Population Density


Pathfinder Online

Goblin Squad Member

Ok, I have been reading in developers blog and the play area of the Crusader Road is an area of 133 square miles an area 11 miles by 12 miles (an area that can be walked in a days time.) This area is broken down into 256 hexes each roughly about .75 miles across (3960 feet or 1320 yards) with 18 hexes being river we have 238 habitable hexes.

Now in the developers blog they mention that 10 people can sign a charter to establish a settlement in a hex.

Now the kickstarter at the time of this post has 6,749 backers and could easily go over 7,000 backers. Only 10 people are needed to create a settlement and the size of the hexes are way too small to handle much more then one settlement per hex. It is highly probable settlements will be stacked right next to each other and all the available space will be taken up by settlement very early in the beta.

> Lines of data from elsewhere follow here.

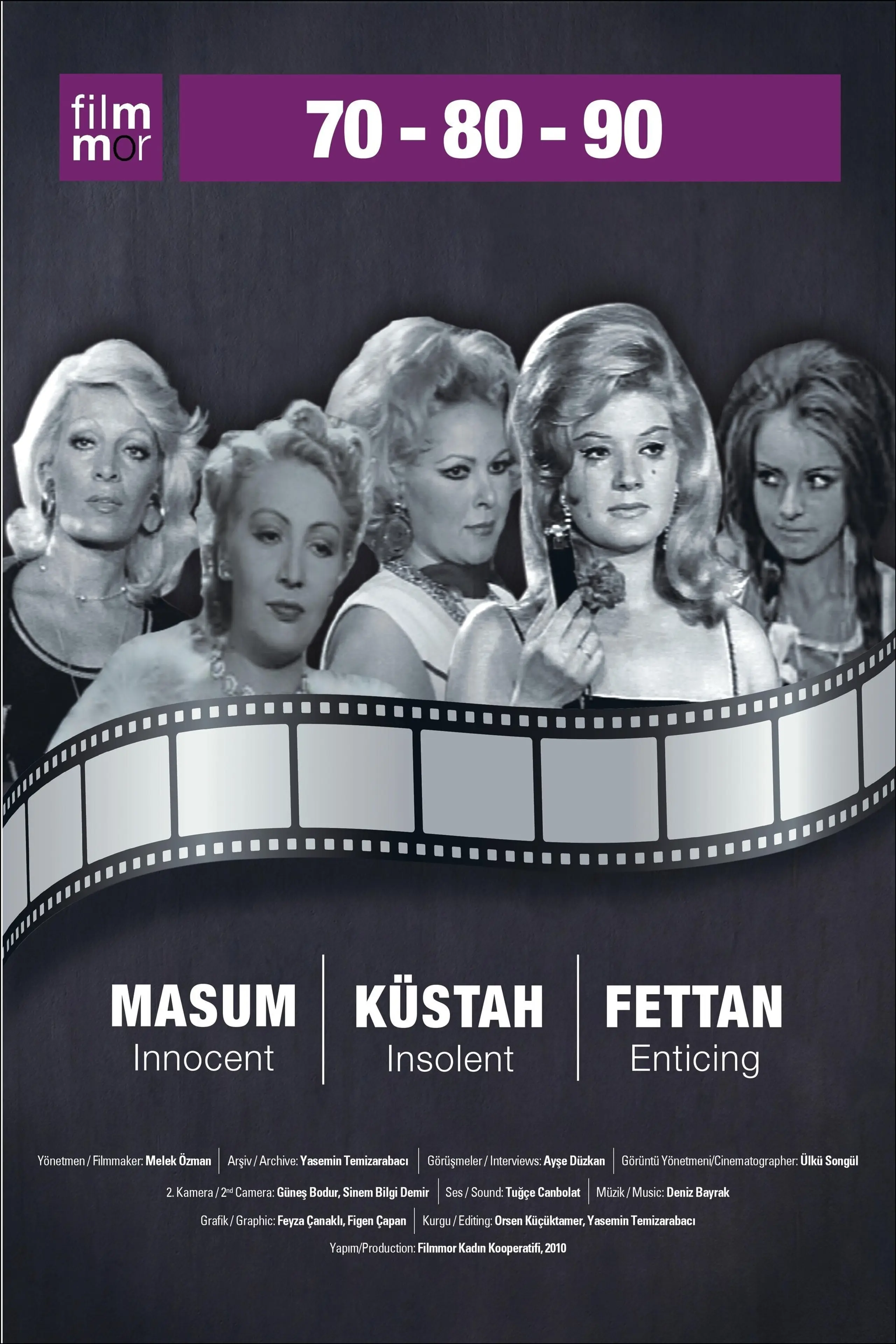 70-80-90 / Masum, Küstah, Fettan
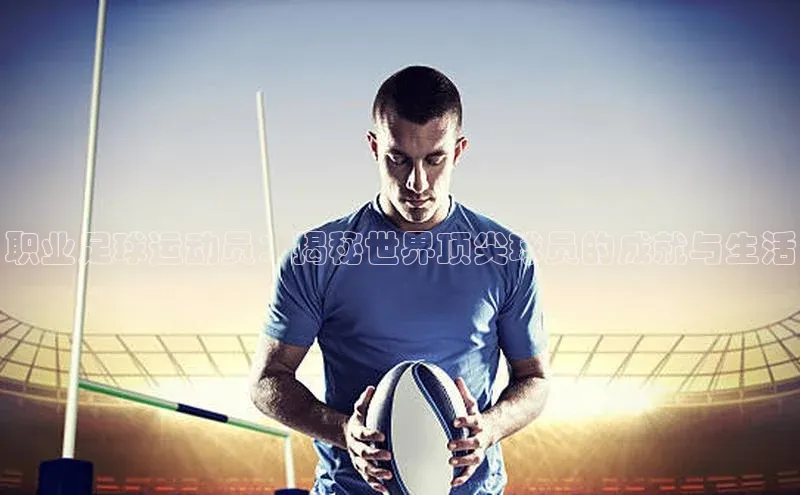 熊猫体育app官方入口宣亚国际职业足球运动员：揭秘世界顶尖球员的成就与生活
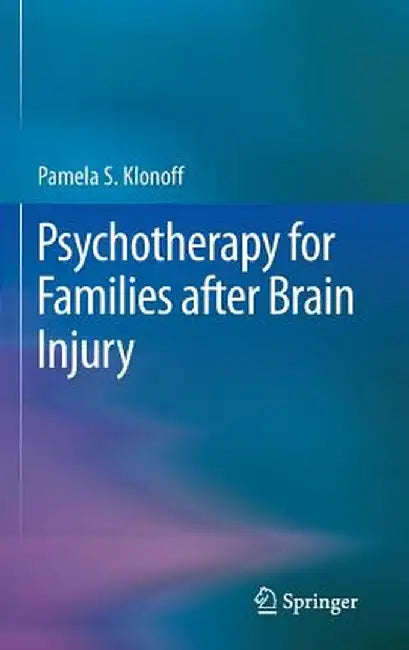 Psychotherapy for Families After Brain Injury by Pamela S. Klonoff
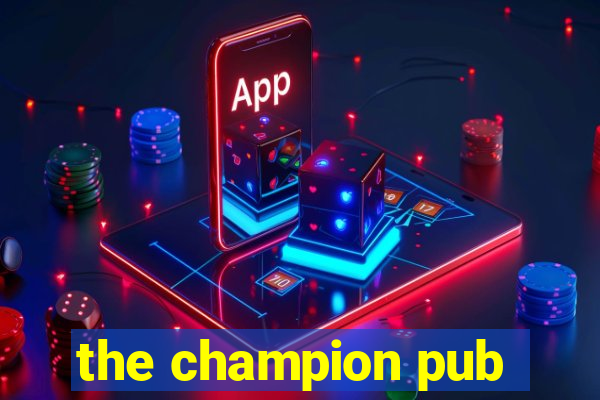 the champion pub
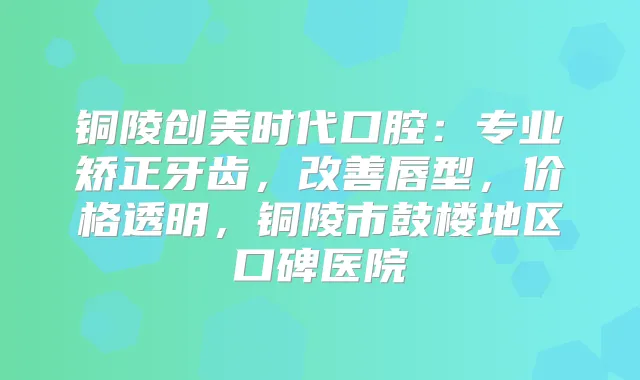 铜陵创美时代口腔:专业矫正牙齿,唇型,价格透明,铜陵市鼓楼地区口碑医院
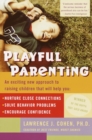 Playful Parenting : An Exciting New Approach to Raising Children That Will Help You Nurture Close Connections, Solve Behavior Problems, and Encourage Confidence - Book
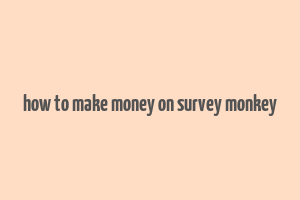 how to make money on survey monkey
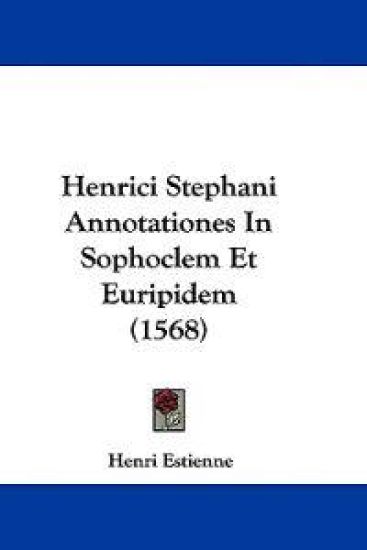 Henrici Stephani Annotationes In Sophoclem Et Euripidem (1568)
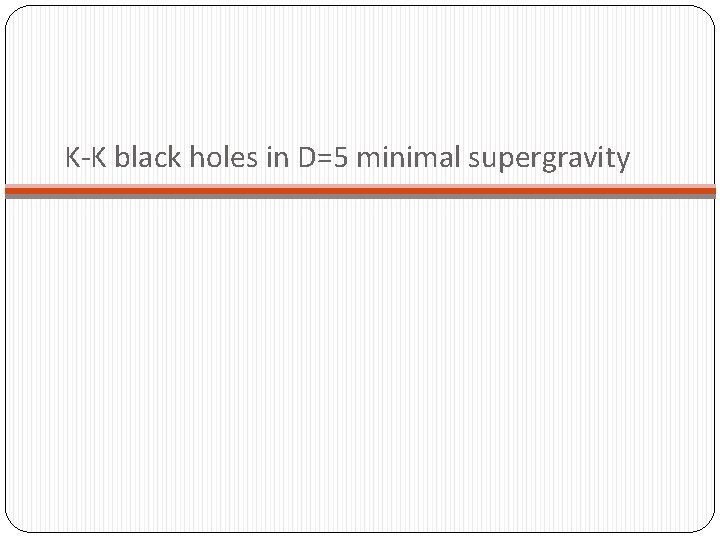 K-K black holes in D=5 minimal supergravity 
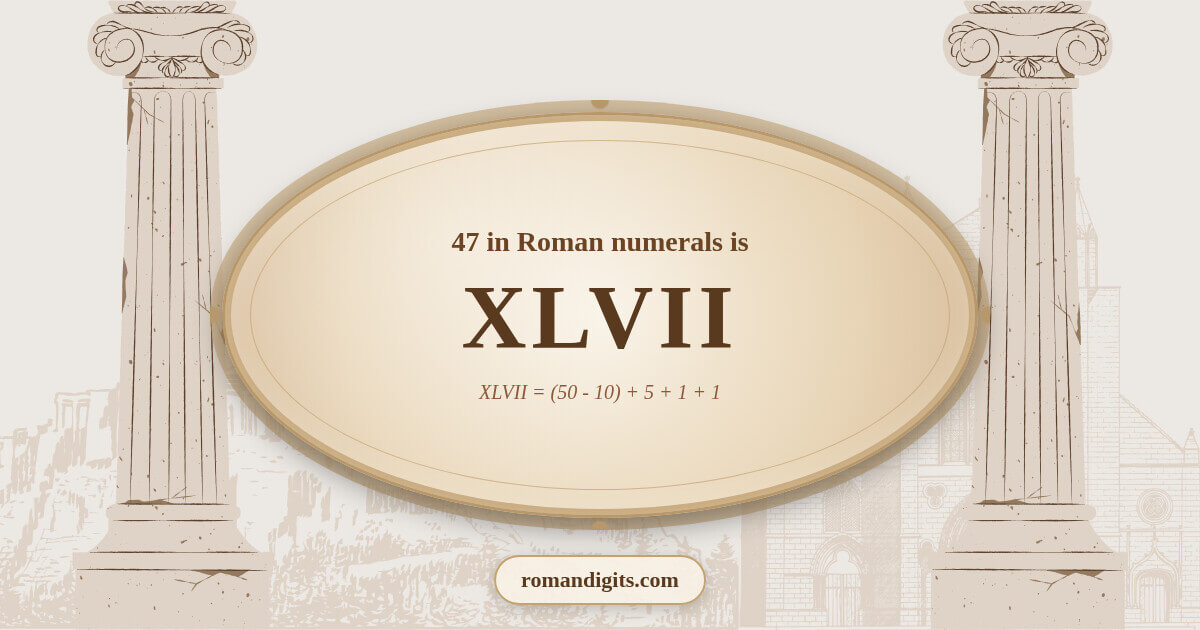 47 in Roman notation - XLVII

It does make me wonder once in the second month of the beta all of the land space is taken up with farms, mines, settlements, and roads where they are going to squeeze the dungeons.

Goblin Squad Member

Well, they can't be taken up in the first month of beta because as I recall they don't currently plan to have settlements possible at the start of EE. By launch though, I believe. Probably mid-way through EE.

While you only NEED 10 people to start a settlement, I think that'd be the very low end of settlements. Real cities will take many more to keep running and operational, not to mention defend.

Goblin Squad Member

Additinally in an interview it was said that by the time we get to release they will have begun to add more and more land as more and more people arrive.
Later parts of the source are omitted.